Drupal 7 battle plans

Submitted by Larry on 2 February 2008 - 1:58am

So, Dries wants to know what our Drupal 7 battle plans are. I think this is the first version where I'll have explicit battle plans before hand rather than just "whatever I come up with along the way". :-) So, for those playing along at home, here's my goals for Drupal 7:

  • Move Drupal to PDO
  • Introduce a function registry
  • Begin to solve the "Data API problem"
  • Whatever I come up with along the way

Move Drupal to PDO

This should come as no surprise to anyone, especially given previous blog entries and DrupalCon presentations I've given. :-) There is little doubt at this point that PDO is the way forward for PHP database handling in general. It's not perfect, and there are stil some inconsistencies between different databases (most notably with Oracle and LOB handling), but it's a much cleaner interface than the many disparate APIs that came before it. It also offers a number of nifty features that people have either been asking for or that we could find use for.

Work on this front is about 50% complete already. I need to refactor a few things yet for easier maintenance, and then get to work on Postgres and SQLite drivers for a PDO-based extension. How these changes with affect the Schema API I am not sure yet, and that's one thing I plan to discuss with Barry Jaspan next week as part of the Data API pow-wow/sprint Palantir is hosting.

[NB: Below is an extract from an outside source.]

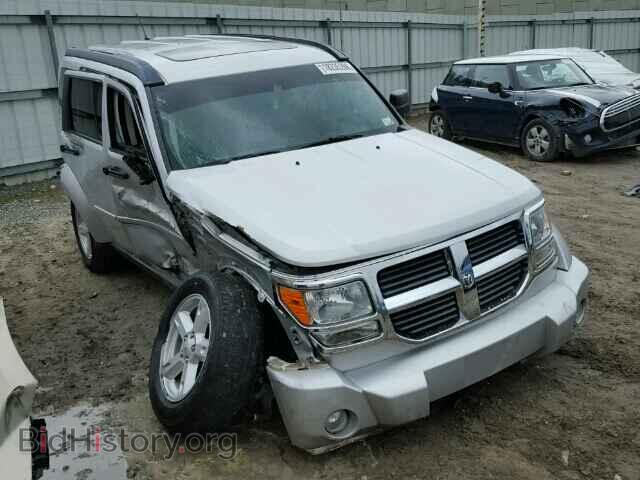 Photo 1D8GT58K57W614267 - DODGE NITRO 2007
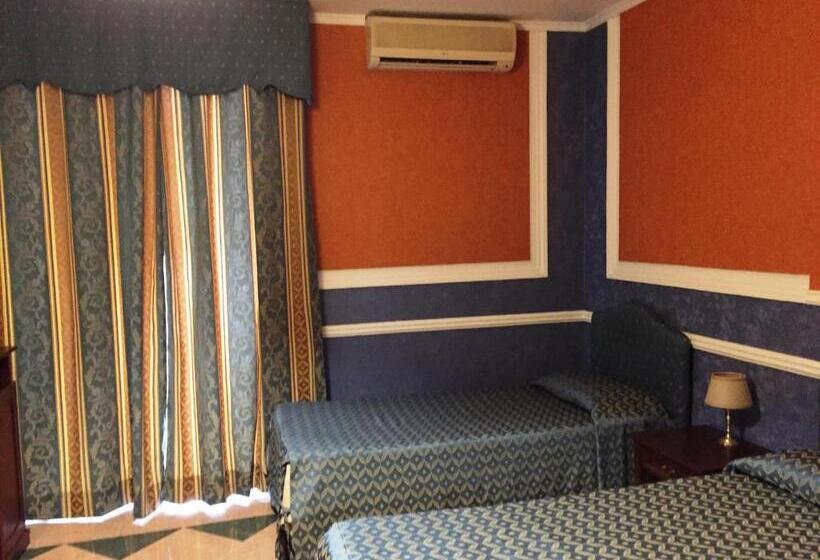 اتاق استاندارد, Excelsior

And before anyone asks, Oracle is not on my immediate radar for two key reasons: 1) It's a difficult system to support, because it requires different field handling than other database systems; 2) It's not Free/free, therefore I have no way of testing against it in the first place. My hope is to be able to offer an API behind which someone else can implement Oracle support.

Introduce a function registry

I've bounced this idea off of a few other developers, and the response so far has been positive. In Drupal 6, we introduced the concept of menu handler files, where functions called from a menu handler could live in a separate file that is included conditionally only when needed, thus decreasing the amount of code to be parsed on any given page load. (We later added it to theme functions, too.)

The next step is to remove the manual declaration step. PHP is capable of parsing itself, so we can have Drupal introspect itself and build up a list of all functions or classes that are called indirectly. We can then lazy-load anything that is called indirectly: page handlers, theme functions, forms, nearly any hook, nearly any alter-function, any class or interface (which PHP 5 supports properly now, recall)... almost all of Drupal. Think of it as the love child of Drupal 6 menu-split and Karoly's old "split mode" concept.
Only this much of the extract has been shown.